On your way to the gym stop. Turn around. Go home. Be a family man.


----------



## UKWolverine (Apr 25, 2009)

Light cardio helps me with leg DOMS, but you have to push through the initial pain but it eases up after 10 or so mins. Ibuprofen also helps with this.


----------



## IanStu (Apr 12, 2009)

I've never heard of any way...infact if I dont get em, i'd just start thinking i wasn't training hard enough...then I'd start worrying about that...so I'm always happy to be in pain!


----------



## martin brown (Dec 31, 2008)

Rest, massage, contrast showers/baths, heat, stretching and more training and more cardio all reduce DOMS.

Doms are not necessary - it just stops you training sooner than you should  Most of the time you can train through it anyway.

M


----------



## Xtrainer (Sep 4, 2008)

martin brown said:


> Rest, massage, contrast showers/baths, heat, stretching and more training and more cardio all reduce DOMS.
> 
> Doms are not necessary - it just stops you training sooner than you should  Most of the time you can train through it anyway.
> 
> M


Absolutely right.
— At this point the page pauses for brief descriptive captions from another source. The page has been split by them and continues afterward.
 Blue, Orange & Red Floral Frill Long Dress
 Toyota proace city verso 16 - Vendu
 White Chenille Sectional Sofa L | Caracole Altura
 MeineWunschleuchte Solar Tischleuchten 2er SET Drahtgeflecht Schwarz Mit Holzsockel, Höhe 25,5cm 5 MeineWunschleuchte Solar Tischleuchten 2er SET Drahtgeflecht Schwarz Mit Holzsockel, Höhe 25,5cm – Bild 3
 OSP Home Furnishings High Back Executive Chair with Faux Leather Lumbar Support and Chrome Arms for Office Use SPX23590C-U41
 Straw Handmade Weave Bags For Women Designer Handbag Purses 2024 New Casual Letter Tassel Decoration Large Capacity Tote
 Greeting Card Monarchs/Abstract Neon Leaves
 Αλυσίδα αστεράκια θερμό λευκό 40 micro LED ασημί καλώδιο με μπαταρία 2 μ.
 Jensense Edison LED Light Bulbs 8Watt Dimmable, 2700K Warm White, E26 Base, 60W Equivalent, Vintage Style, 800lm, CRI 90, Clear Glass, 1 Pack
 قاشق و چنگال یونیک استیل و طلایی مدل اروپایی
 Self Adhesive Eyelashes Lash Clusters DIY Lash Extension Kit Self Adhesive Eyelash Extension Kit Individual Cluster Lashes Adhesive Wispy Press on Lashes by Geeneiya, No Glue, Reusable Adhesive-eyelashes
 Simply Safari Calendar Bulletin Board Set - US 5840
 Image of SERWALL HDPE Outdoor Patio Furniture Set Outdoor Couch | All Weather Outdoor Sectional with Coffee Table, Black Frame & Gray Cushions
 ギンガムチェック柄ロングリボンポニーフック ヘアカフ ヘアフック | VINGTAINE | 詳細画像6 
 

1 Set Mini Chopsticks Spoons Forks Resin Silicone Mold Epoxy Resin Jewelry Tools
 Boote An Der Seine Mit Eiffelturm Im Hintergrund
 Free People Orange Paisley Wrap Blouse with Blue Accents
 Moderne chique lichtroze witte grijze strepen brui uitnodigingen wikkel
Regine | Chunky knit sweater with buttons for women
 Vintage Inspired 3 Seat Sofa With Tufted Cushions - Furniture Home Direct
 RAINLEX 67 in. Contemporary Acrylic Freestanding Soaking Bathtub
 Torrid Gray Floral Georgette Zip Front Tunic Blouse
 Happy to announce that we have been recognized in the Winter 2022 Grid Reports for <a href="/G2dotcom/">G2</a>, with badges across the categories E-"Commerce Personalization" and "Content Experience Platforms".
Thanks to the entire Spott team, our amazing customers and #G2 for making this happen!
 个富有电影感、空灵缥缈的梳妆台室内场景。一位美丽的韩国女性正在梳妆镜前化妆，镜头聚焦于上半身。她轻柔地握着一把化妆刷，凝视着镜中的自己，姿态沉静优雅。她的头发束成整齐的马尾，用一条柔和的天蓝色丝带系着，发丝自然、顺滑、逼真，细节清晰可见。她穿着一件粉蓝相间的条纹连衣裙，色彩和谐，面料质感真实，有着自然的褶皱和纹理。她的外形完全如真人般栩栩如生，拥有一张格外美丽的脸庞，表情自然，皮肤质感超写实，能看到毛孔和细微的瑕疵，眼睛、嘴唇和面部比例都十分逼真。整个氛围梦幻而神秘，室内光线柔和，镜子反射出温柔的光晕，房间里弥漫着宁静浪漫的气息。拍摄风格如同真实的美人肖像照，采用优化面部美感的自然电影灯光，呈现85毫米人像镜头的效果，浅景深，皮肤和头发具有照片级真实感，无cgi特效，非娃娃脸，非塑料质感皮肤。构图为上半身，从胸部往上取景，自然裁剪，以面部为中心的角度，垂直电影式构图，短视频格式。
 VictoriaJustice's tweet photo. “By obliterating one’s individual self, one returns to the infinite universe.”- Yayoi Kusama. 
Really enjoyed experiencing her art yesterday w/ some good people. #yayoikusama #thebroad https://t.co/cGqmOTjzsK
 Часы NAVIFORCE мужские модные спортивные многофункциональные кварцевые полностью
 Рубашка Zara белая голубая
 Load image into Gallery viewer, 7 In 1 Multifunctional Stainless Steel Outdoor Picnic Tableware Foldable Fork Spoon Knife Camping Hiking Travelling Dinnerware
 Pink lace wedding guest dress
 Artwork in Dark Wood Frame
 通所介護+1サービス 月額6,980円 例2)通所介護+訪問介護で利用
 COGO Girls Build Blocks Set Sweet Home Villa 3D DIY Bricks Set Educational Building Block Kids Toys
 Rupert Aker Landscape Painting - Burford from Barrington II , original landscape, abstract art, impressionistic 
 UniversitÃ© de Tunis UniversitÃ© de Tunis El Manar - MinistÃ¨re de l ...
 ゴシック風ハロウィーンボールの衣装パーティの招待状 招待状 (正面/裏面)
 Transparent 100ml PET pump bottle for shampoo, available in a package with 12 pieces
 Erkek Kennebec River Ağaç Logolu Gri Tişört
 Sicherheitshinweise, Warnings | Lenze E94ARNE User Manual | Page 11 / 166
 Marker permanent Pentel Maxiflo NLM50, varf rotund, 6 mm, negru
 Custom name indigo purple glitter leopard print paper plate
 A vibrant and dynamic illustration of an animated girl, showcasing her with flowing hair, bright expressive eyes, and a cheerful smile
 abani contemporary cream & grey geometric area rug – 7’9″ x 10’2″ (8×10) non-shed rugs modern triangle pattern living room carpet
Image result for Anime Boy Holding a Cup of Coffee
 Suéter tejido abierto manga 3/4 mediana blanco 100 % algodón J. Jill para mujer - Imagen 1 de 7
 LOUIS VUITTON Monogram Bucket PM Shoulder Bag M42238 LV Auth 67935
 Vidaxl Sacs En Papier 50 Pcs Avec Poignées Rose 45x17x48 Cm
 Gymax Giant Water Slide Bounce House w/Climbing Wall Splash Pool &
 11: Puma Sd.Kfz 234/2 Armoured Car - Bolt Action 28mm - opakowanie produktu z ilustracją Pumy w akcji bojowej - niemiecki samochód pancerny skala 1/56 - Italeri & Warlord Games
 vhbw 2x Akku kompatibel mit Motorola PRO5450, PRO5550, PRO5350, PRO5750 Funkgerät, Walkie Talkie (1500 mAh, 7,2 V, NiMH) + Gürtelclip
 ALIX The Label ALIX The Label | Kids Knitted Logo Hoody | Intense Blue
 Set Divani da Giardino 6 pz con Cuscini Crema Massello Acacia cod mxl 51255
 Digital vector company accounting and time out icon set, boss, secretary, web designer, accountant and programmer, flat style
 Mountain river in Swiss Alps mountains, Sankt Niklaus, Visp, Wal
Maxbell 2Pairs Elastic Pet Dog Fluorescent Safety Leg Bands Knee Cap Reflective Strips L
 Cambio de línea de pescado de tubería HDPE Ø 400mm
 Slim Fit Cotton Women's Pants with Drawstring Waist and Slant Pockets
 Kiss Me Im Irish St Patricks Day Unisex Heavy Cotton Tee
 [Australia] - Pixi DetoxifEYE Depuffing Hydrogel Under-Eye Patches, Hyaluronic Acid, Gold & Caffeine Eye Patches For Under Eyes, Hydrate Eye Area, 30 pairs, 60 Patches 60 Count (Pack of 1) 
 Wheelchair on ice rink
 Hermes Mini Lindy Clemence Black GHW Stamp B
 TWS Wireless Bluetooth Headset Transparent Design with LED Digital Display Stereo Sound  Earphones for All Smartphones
If you have really sever DOMS, I think you have gone on too long, too hard. You only get 48 hours of building from a muscle (ish) so any DOMS lasting past this is very counter productive.


----------



## Hobbit JT (Sep 13, 2008)

Well its monday evening now, I worked out on saturday and I'm not as sore it's dying down now. My calves are the only muscles that are making it hard to walk. I don't get too bothered by DOMS but when you find it hard to walk its kinda annoying. Feeling better though, I think I should definately warm down and stretch next time.


----------



## ares1 (Apr 27, 2008)

learn to embrace doms... think of it like how a banker would embrace pay day :lol: ...

its a reward for doing the hard work in the gym :thumb:

There are a few things you can do to minimise sorness.

* Correct Pre, Intra & post workout nutrition

* Caffeine

* Vitamin c & e

* stretching

* Cold/ice bath

* cold, hot alternating showers.


----------



## jw007 (Apr 12, 2007)

Just Man up and take it


----------



## ares1 (Apr 27, 2008)

jw007 said:


> Just Man up and take it


i atually enjoy it.

i think i would be distraught if i woke up without doms in the muscle group i trained the previous day...


----------



## BassJunkie (Nov 10, 2008)

Stretch pre and post workout, or you could try some soft tissue work.


----------